Understanding link between Rust -> Assembly-CSharp.dll -> OxideMod

I would like to better understand the way in which OxideMod is connected to the Rust game engine.

From using both OxideMod and OxidePatcher and briefly reviewing their source code, I understand that hooks are added to the Assembly-CSharp that allow some functions (found by using .Net reflection) to be exposed to OxideMod through what appear to be triggers added as stub code to the original IL.

My (purposefully) simple questions are:

1) Why is it necessary to patch the Assembly-Csharp.dll in the first place? What does it do that is required to have a modding system?

2) How is the main OxideMod compiled application actually loaded and executed when the main game engine starts? Is that an additional feature provided when the Assembly-Csharp.dll is modified by the OxidePatcher?

I'm not asking about plugin development and already know how to make Oxide C# extensions. I want to learn more about the very initial way in which Oxide interfaces with Rust to make this whole mod system work.

A summary answer or pointer to specific areas of the source code would be greatly appreciated. TIA

 

To be clear, after patching, the flow is:

1) Something happens in game where functions in Assembly-CSharp are invoked
2) The area of code modified by OxidePatcher hits the hook that was added
3) #2 calls something in the main OxideMod program with relevant particular variables & return codes
4) OxideMod then cycles through all the loaded plugins using that hook (I found this looping process in OxideMod source)

So if I wanted to find where "the rubber meets the road," what is this seminal hook that boots OxideMod?

 

Thanks for your help. I'm starting to better understand the flow and connections. Ok, so from the OxidePatcher, I see this for InitOxide:

Code:

IL_0058: ldstr "Command Line: "
IL_005d: ldloc.0
IL_005e: call System.String System.String::Concat(System.String,System.String)
IL_0063: call System.Void UnityEngine.Debug::Log(System.Object)
IL_0068: call System.Void Oxide.Core.Interface::Initialize()
IL_006d: ret

Which I can follow to this OxideMod source code:

Code:

        public static void Initialize()
        {
            // Create if not already created
            if (Oxide != null) return;
            Oxide = new OxideMod(DebugCallback);
            Oxide.Load();
        }

Then my next question becomes: How does the Rust game engine know to load the Oxide.Core.dll file so the Oxide.Core.Interface::Initialize() function is available to be called?

 

OK, so after some more testing and digging into things, I can see that inside the Bundles directory of the compiled OxideMod source code, there are 3 dlls that get copied over to a clean copy of Rust, thereby overwriting some original game server files.
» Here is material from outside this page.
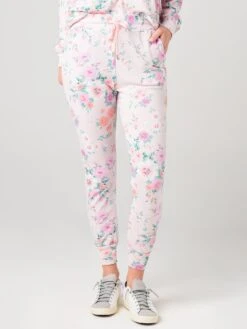 Sundry Women's Floral Pocket Jogger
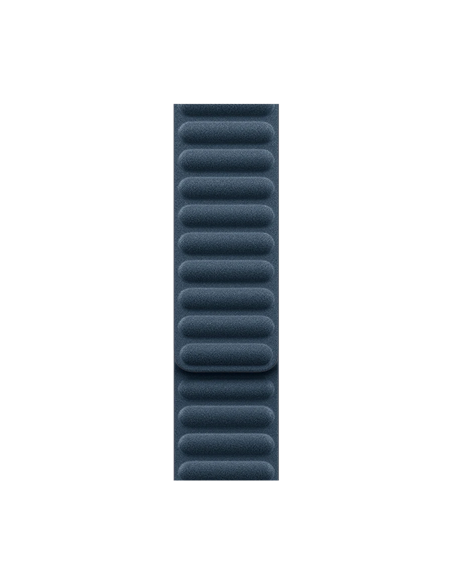 Curea pentru ceas Apple Watch 45mm Magnetic Link, Poliester, Medium, Pacific Blue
It appears inside each of these dlls, Assembly-CSharp.dll, Facepunch.Console.dll, and Facepunch.Rcon.dll, there is a reference to Oxide.Core (I'm supposing it means Oxide.Core.dll, which when loaded, then loads all the other related Oxide.* files)

Assembly-CSharp.dll

Code:

Assembly-CSharp.dll Assembly-CSharp Facepunch.Console mscorlib System Facepunch.Network Rust.Data Facepunch.System UnityEngine System.Core Rust.Global Facepunch.Steamworks UnityEngine.UI Assembly-CSharp-firstpass Facepunch.Rcon EasyAntiCheat.Server Rust.Workshop Facepunch.UnityEngine ApexAI ApexSerialization Facepunch.Raknet Newtonsoft.Json Ionic.Zip.Reduced LZ4 Oxide.Core kernel32.dll RustNative <Module> ConsoleGen Object All ConsoleSystem Command .ctor Name Parent FullName ServerAdmin Description Variable Func`1 GetOveride Action`1 SetOveride Arg Call ServerUser Saved .cctor Single ToString <All>m__0 CompilerGeneratedAttribute System.Runtime.CompilerServices StringExtensions Facepunch.Extend ToFloat

Does the kernel32.dll part of Oxide.Core.kernel32.dll imply that it's doing something like telling C# JIT to load the Oxide.Core.dll ?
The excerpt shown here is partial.